### PROBLEM DETAILS
In your copy, leave out the pictures; write out all the data exactly.

[INFORMATION SUPPLIED — start]

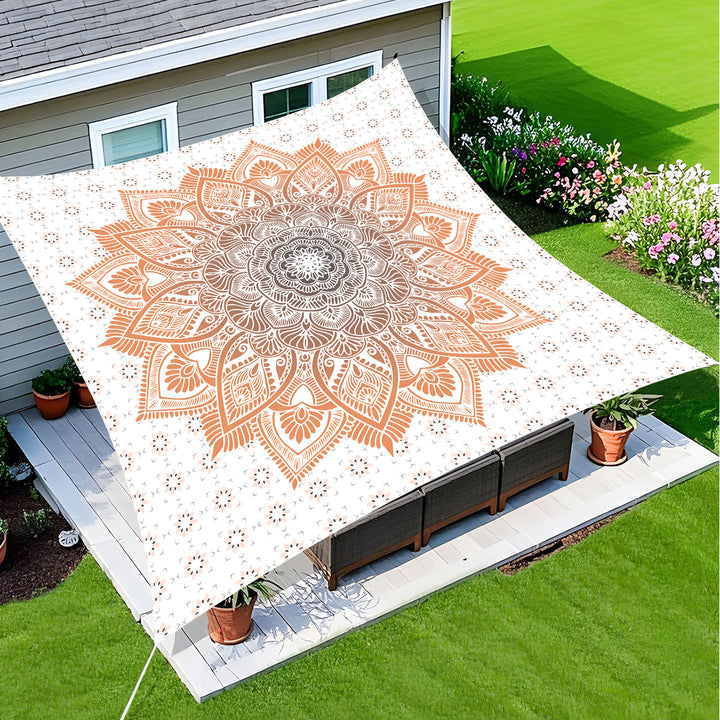 Outdoor Pavillon Schatten Karnz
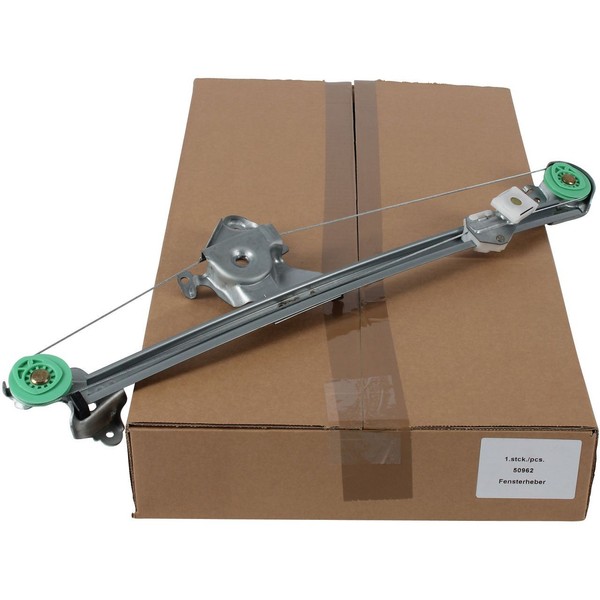Fensterheber Elektrisch Hinten Links FüR Mercedes E-KLASSE W210 U. Kombi S210-image
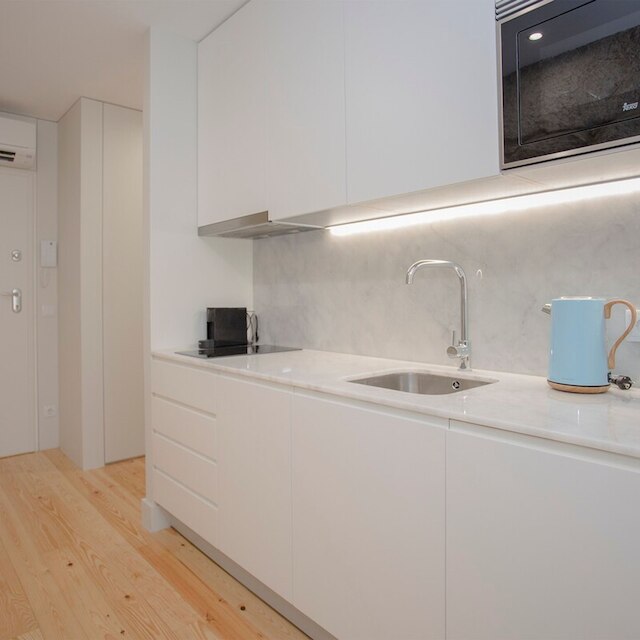 リービング イン ポルト チャーミング ダウンタウン デライト II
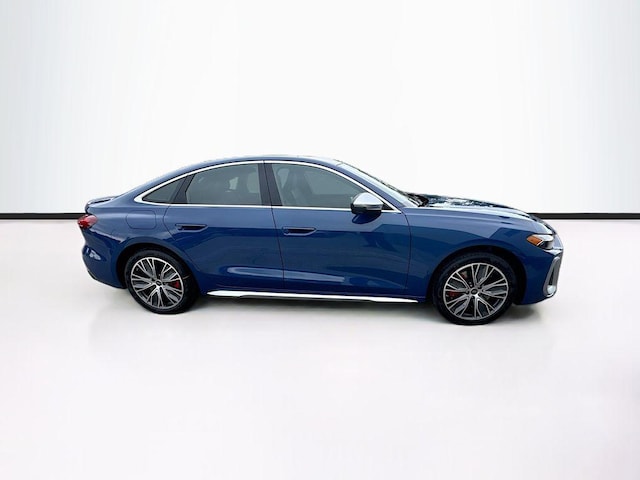 2026 Audi S5 Sedan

[INFORMATION SUPPLIED — finish]

### PROBLEM SOLUTION
 Outdoor Pavillon Schatten Karnz
Fensterheber Elektrisch Hinten Links FüR Mercedes E-KLASSE W210 U. Kombi S210-image
 リービング イン ポルト チャーミング ダウンタウン デライト II
 2026 Audi S5 Sedan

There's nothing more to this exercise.